Archer Aviation's stock dropped below $5, down 55% over the past year, as investor concerns shifted from liquidity to dilution despite the company's certification milestones. The company holds $1.776 billion in cash against minimal debt, but its share count has ballooned to 760 million from 651 million in late 2025 due to equity raises, including a $650 million offering at $8 per share. While Archer has made notable progress—closing FAA Phase 3, achieving 100% Means of Compliance acceptance, and securing eIPP partnerships—the market now demands visible operations and repeatable revenue rather than regulatory artifacts.

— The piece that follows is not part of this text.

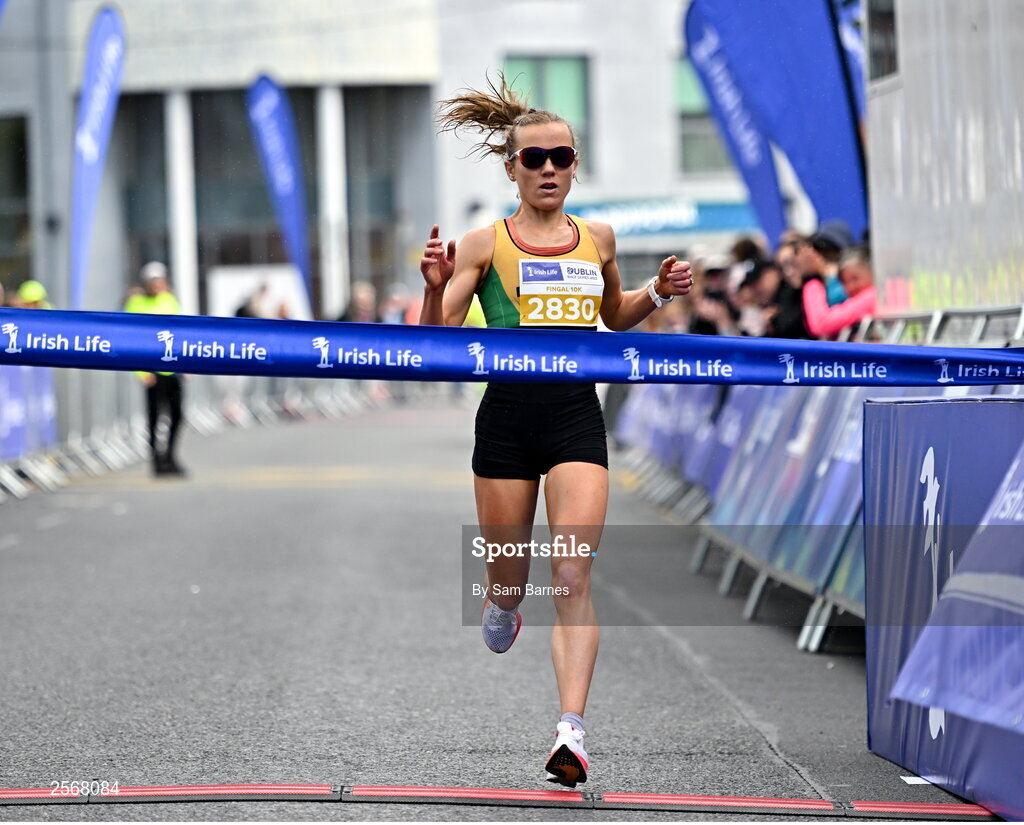 16 July 2023; Ciara Hickey of Brothers Pearse AC, Dublin, crosses the line to win the womens race during the 2023 Irish Life Dublin Race Series-Fingal 10km which took place on Sunday 16th of July at Swords in Dublin. Photo by Sam Barnes/Sportsfile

Quarterly cash burn remains high at ~$182 million, and with only $1.6 million in Q1 revenue (mostly lease-related), the timeline for commercial self-sufficiency remains uncertain. The stock's decline reflects a repricing from "optionality" to "prove it," where any slip in Type Inspection Authority or launch operations before year-end could trigger further downside.

Implication

For investors with a 6-12 month horizon, the current price ($4.85) offers asymmetric upside if Archer executes on certification and launch. However, position sizing must account for dilution risk and the possibility of another equity raise if milestones slip. The attractive entry per the report is $4.25, but conviction should be reduced until there is tangible proof of operations, not just milestones.

Thesis delta

The market narrative has shifted from '2026 could be the year' to 'prove it now,' driven by dilution fears and stagnant revenue. Archer's certification progress is real but no longer sufficient to buoy the stock; investors now demand visible TIA/compliance flights and named operational markets. This shift reduces the margin for error and makes the next two quarters decisive for the investment thesis.